Maga e istruttrice? Ha il tesserino come educatrice cinofila.
So come portare il cane al guinzaglio, come farlo socializzare, come farlo stare nel branco senza che azzanni o si faccia azzannare.

Agility Dog?
Come agilista sono una schiappista! Ma adoro i cani e tutti gli animali: se potessi adottare un coccodrillo, lo farei. Sono arrivati sulla terra prima loro, siamo noi gli intrusi. Il mio cane che si chiama Lupo in onore di tutti i lupi: il loro codice d’onore è pazzesco. Impone rispetto. Prendiamo esempio.

Se dovesse definirsi?
Ero, sono e sempre sarò una simpatica, indomabile rompiscatole. [

Il disco che porterebbe sull’isola deserta?
«Jump» dei Van Halen, così ci divertiamo. «Young Turks» di Rod Stewart, anche. «The power of love», pure. Rock intelligente.

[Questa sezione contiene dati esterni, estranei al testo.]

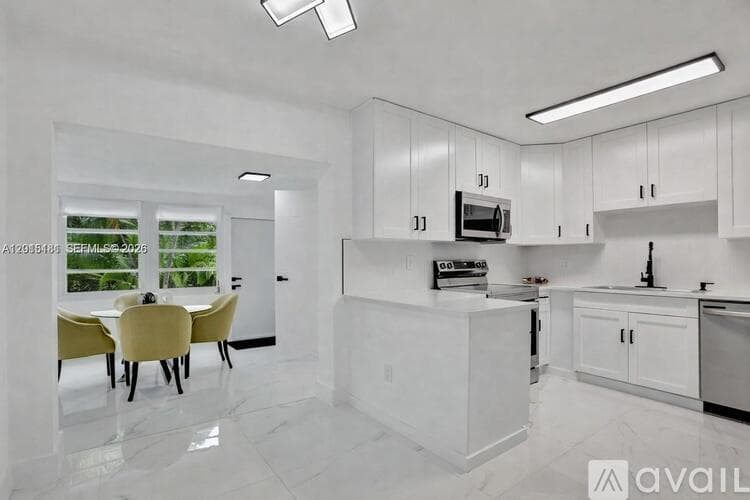 Pompano Beach House: 1220 NE 8th St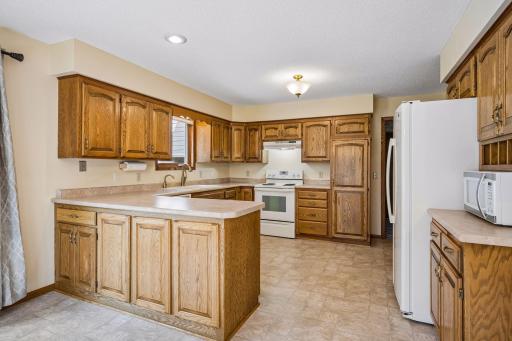 10423 281st Avenue NW, Zimmerman, MN 55398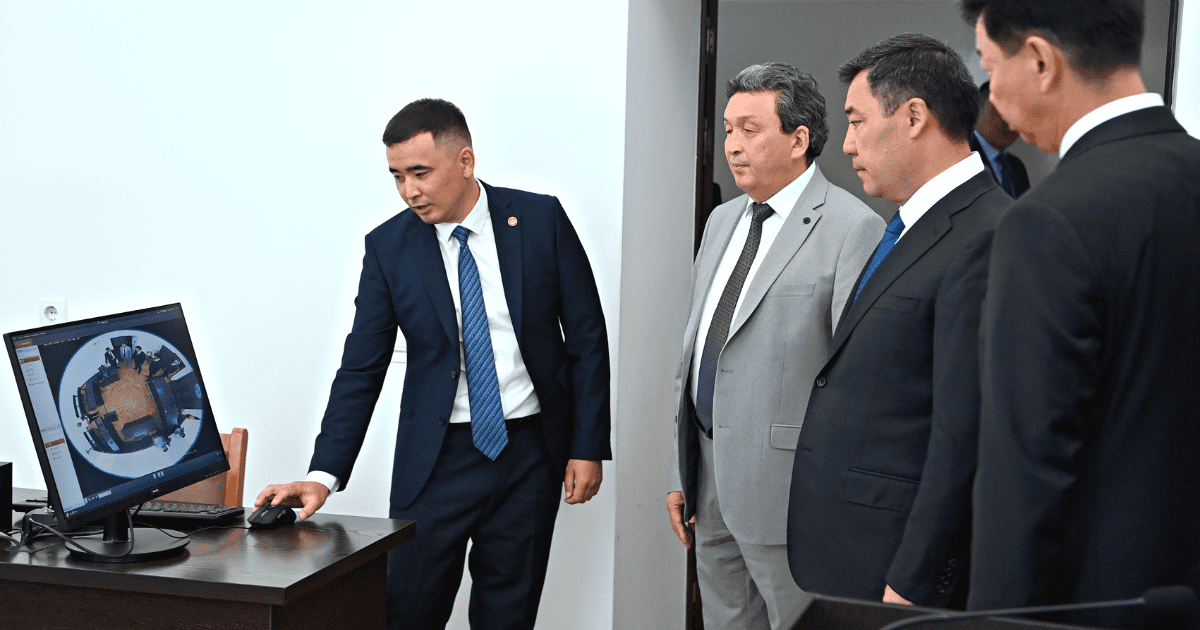 Президент ознакомился с цифровизацией судов — в декабре с ней связывали многочисленные коррупционные схемы изображение публикации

Quanto è stata corteggiata?
Tanto, da tutti: uomini, donne, gay. Un ammiratore misterioso mi mandò vagonate di rose a casa: era Franco Califano. Non ci provò mai: solo galanteria. Un fuoriclasse.

Se non avesse fatto la cantante?
Sarei stata interprete parlamentare. Mi sono diplomata nei ‘70, ho avuto anche una laurea ad honorem l’anno scorso: «Management delle risorse artistiche e culturali» dall’Università del Mare.

La sua canzone che le assomiglia di più?
Quasi tutte: c’è sempre una buona dose di autoironia, nella consapevolezza della fine: carpe diem, domani potremmo non esserci più. Dobbiamo lottare perché finiscano la guerre. Dobbiamo fare ciò in cui crediamo oggi, non domani.